Hi Jeff,
I've been trying out the CDbwDriver today, and I'm having a problem
running it on the clusters I've generated from my data, whereby I get
all 0s printed for the following lines in CDbwDriver.job():
System.out.println("CDbw = " + evaluator.getCDbw());
System.out.println("Intra-cluster density = " +
evaluator.intraClusterDensity());
System.out.println("Inter-cluster density = " +
evaluator.interClusterDensity());
System.out.println("Separation = " + evaluator.separation());
Stepping through this, I found a problem at these lines in
CDbwEvaluator.setStDev():
Vector std = s2.times(s0).minus(s1.times(s1)).assign(new
SquareRootFunction()).divide(s0);
double d = std.zSum() / std.size();
'd' was being set to NaN for one of my clusters, caused by
"s2.times(s0).minus(s1.times(s1))" returning a negative number, and so
the subsequent sqrt failed. Looking at the cluster which had the
problem, I saw that it only contained one point.
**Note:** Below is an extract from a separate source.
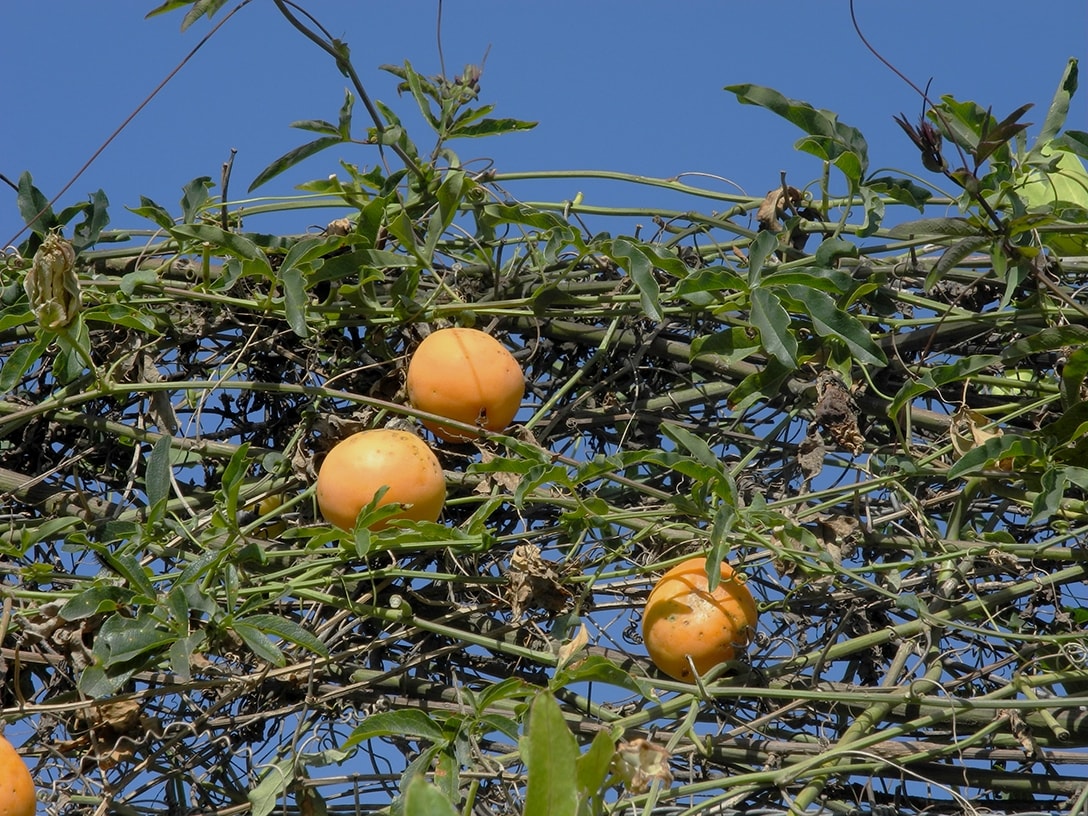 Image of Passiflora caerulea specimen.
However, 'repPts' in
setStDev() contained 3 points, in fact 3 copies of the same sole cluster
inhabitant point. This appeared to be causing the std calculation to
fail, I guess from floating point inaccuracies.
I then started digging back further to see why there were 3 copies of
the same point in 'repPts'. FYI I had specified numIterations = 2 to
CDbwMapper.runJob(). Stepping through the code, I see the following
happening:
- CDbwDriver.writeInitialState() writes out the cluster centroids to
"representatives-0", with this particular point in question being
written out as the representative for its cluster.
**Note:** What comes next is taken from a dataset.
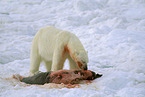 ice bear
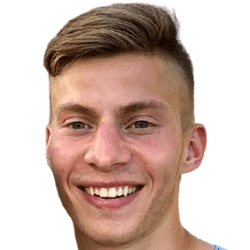 David Greczek Fm 21 Profile Reviews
- CDbwMapper loads these into 'representativePoints' via
setup()/getRepresentativePoints()
- When CDbwMapper.map() is called with this point, it will be added to
'mostDistantPoints'
- CDbwReducer loads the mapper 'representativePoints' into
'referencePoints' via setup()/CDbwMapper.getRepresentativePoints()
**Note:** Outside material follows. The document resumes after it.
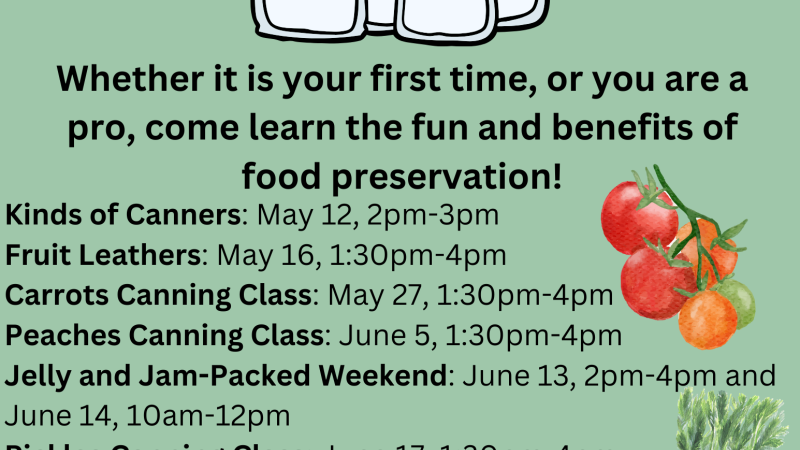 Preserving Summertime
- CDbwReducer writes out the same point twice, once by writing it out as
a most distant point in reduce(), and then again while writing it out as
a reference/representative point in cleanup()
- The process repeats, and an additional copy of the point is written
out by the reducer during each iteration, on top of those from the
previous iteration.
- Later on, the evaluator fails in the std calculation as described above.
I'm wondering if the quickest solution would be to change the following
statement in CDbwDriver.writeInitialState():
if (!(cluster instanceof DirichletCluster) || ((DirichletCluster)
cluster).getTotalCount() > 0) {
to ignore clusters which only contain one point? The mapper would then
need to check if there was an entry for the cluster id key in
representative points before doing anything with the point.
Does the issue also point to a separate problem with the std
calculation, in that it's possible that negative numbers are passed to
sqrt()?
Thanks,
Derek